• EXERCISE DETAILS:
Please copy the data exactly as it stands, minus the images.

═════ AVAILABLE DATA ═════

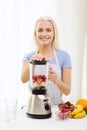 Smiling woman with blender preparing shake at home Royalty Free Stock Photo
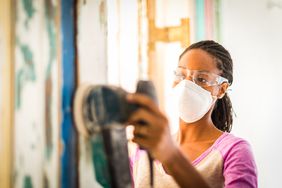 A woman wears a facemask and goggles while sanding a wall with an electric sander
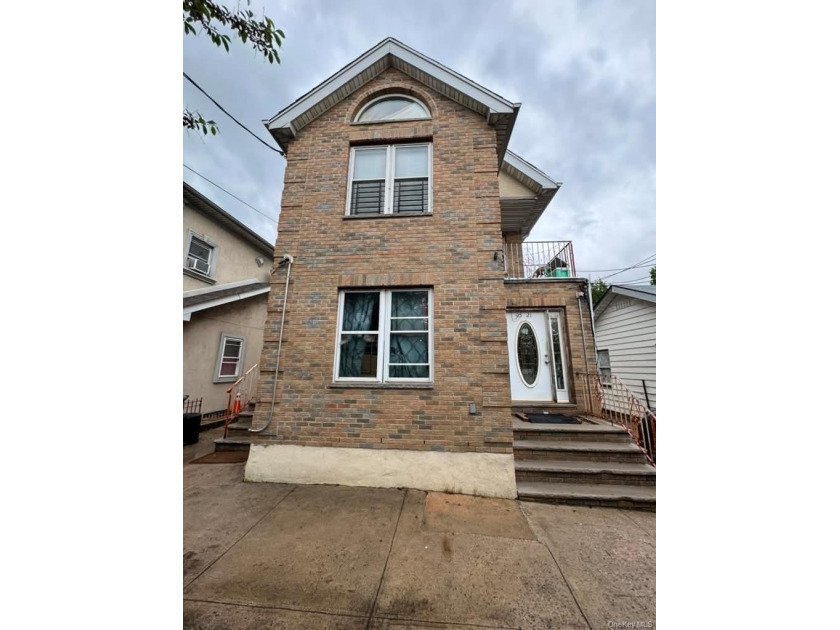 Welcome to this well-maintained detached single-family home in - Beach Home for sale in East Elmhurst, New York on Beachhouse.com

═════

• SOLUTION TO THIS PROBLEM:
 Smiling woman with blender preparing shake at home Royalty Free Stock Photo
 A woman wears a facemask and goggles while sanding a wall with an electric sander
 Welcome to this well-maintained detached single-family home in - Beach Home for sale in East Elmhurst, New York on Beachhouse.com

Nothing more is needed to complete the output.